Six out of ten (60%) of those surveyed said they needed to see independent verification from a respected climate change body before trusting environmental claims, followed by 53% who trust only in scientific or academic endorsements. The greatest concern for consumers is that firms simply make one-off improvements to win publicity, and then return to business as usual. The Carbon Trust Standard, however, aims to address this concern by only being awarded to organisations that pass a rigorous assessment of their data, proving that their carbon impacts have been reduced over a three year period.
Over the past five years, the pace of recommendation of brands by consumers has speeded up drastically, partly due to the rise of social media. While companies should build their environmental actions into company sustainability and corporate responsibility (CR) reports, but it is also essential that these positive actions are also disseminated around the social web. The first place consumers turn for information is not necessarily a company's website but a search engines or a social network.

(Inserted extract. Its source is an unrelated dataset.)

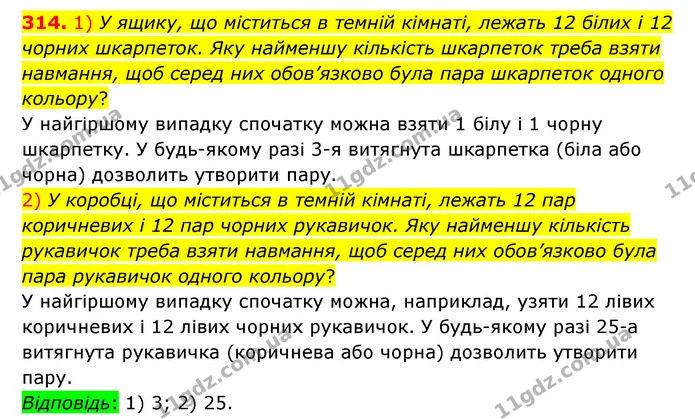 314. 1) У ящику, що міститься в темній кімнаті, лежать 12 білих і 12 чорних шкарпеток. Яку найменшу кількість шкарпеток треба взяти — ГДЗ Математика 6 клас Істер 2023 1-2 ч.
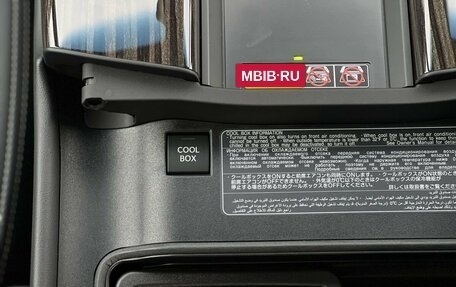 Lexus LX, 2024 год, 18 290 000 рублей, 25 фотография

With the advent of social media, the actions of firms going 'above and beyond' to reduce their climate impacts are highly likely to be published online by consumers. One in three (33%) are more likely to opt into company news and announcements by 'following' or 'friending' businesses that can prove positive environmental performance. And one in five (20%) said they would blog, or write about them in web forums. A proactive approach to promoting environmental success online as well as monitoring to understand consumer sentiment about a brand's environmental behaviour is critical.
Brand marketers are often kept out of the loop on corporate environmental actions until there's a one-off story to promote but, given the need for businesses to win consumer trust in the long term, it is imperative for marketers to play a stronger role in driving change. CSR directors and environment managers are already lobbying boardrooms for greater investment in carbon reduction programmes from both cost and efficiency points of view. It's now up to marketers and communications directors to join them in influencing organisational change.
Although business is responsible for 65% of the UK's emissions, the reason they are emitting is to deliver products and services to consumers. Unless brands can prove they are reducing their impacts, they will not be able to educate consumers about everybody's collective responsibility for limiting climate change, or receive the recognition that real action deserves.